Dave Mason and Mina Leslie-Wujastyk have just been on a month long trip to South Africa.
Both Mina and Dave had been to the Rocklands before and had therefore climbed a lot of the problems that they could do quickly and so went out with different aims for this trip, some really hard problems. More specifically; King of Limbs, 8B+, Ray of Light, 8B, El Corazon, 8B and The Power of One, 8B for Dave and The Vice, 8B for Mina.

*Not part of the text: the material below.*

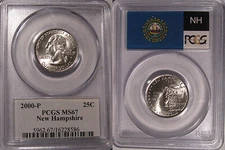 2000 P  New Hampshire  State Quarter 25c PCGS MS67 Flag Label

Unfortunately, Mina was not successful on The Vice but did manage to climb; Shallow Cave, 8A, Leopard Cave, 8A+, The Arc, 8A, Au Bord de L'eau, 8A and Pandemonium, 8A. Mina commented on her blog about how she felt about not climbing The Vice:
"I felt disappointment initially and some shame at being wrong about what I thought I could do. BUT…after some time I felt content and psyched. I felt content knowing that I had tried my hardest and psyched that I was nearly good enough. That might sound strange but in climbing there is such a fine line between success and failure, it only takes a little bit of something to turn the tables, and that is my plan. The table is going to get spun around and it’s going to land on its head not knowing whether or not it is still a table."

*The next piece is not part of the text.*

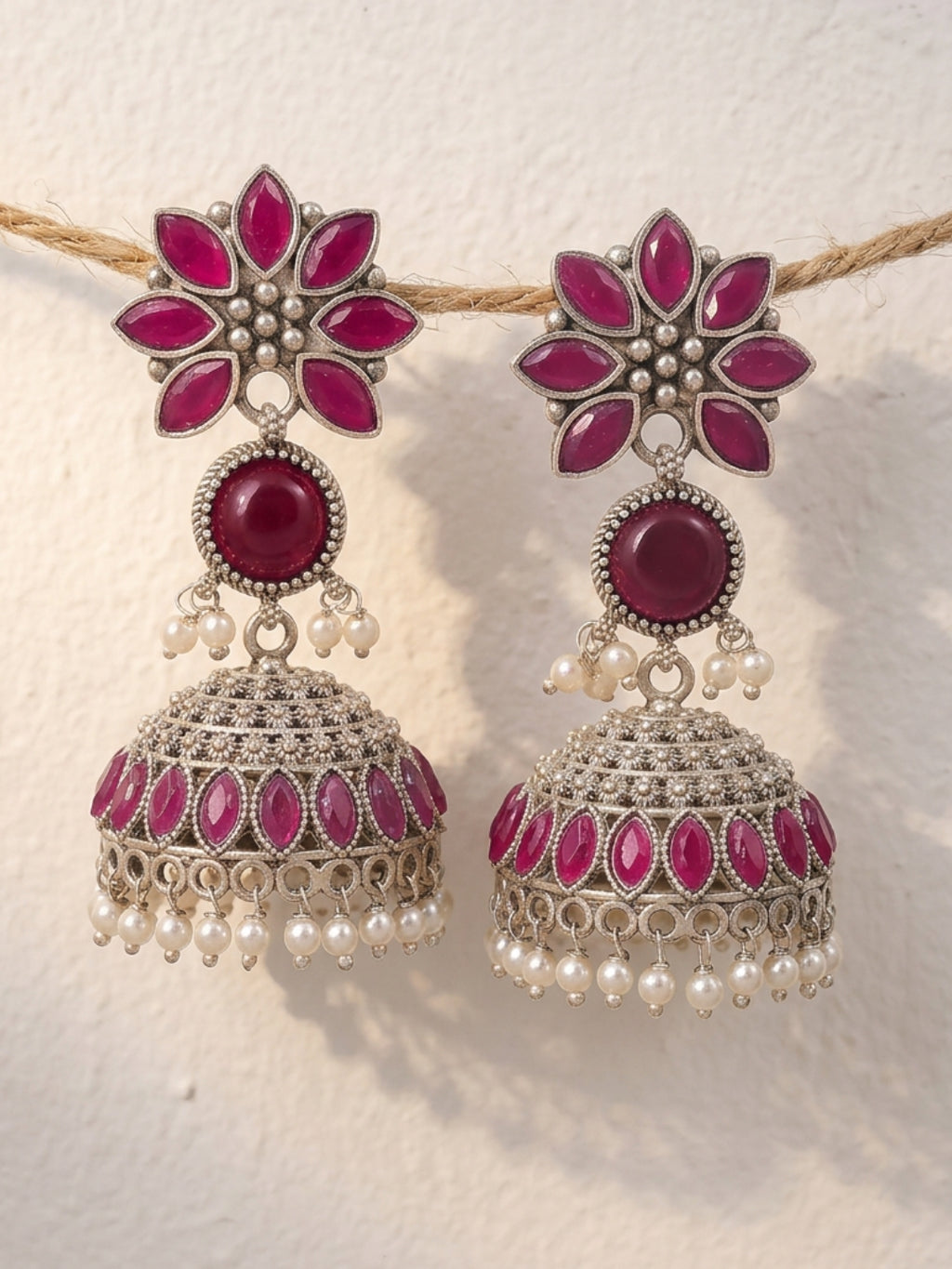 Floral & Filigree Silver finish Jhumka Combo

Dave was more successful, managing to climb two of his four aims with El Corazon, 8B, and The Power of One, 8B. Dave commented on what he learnt through multiple sessions on problems at his limit on his blog:
"What I climbed is not the important part, the important part is the progress I made when I had a number of sessions in close succession. This is where I hear you all say: "of course you make progress with successive sessions that are in close proximity to one another" and when I say it to myself it makes complete sense but I don't think I had honestly thought about it before."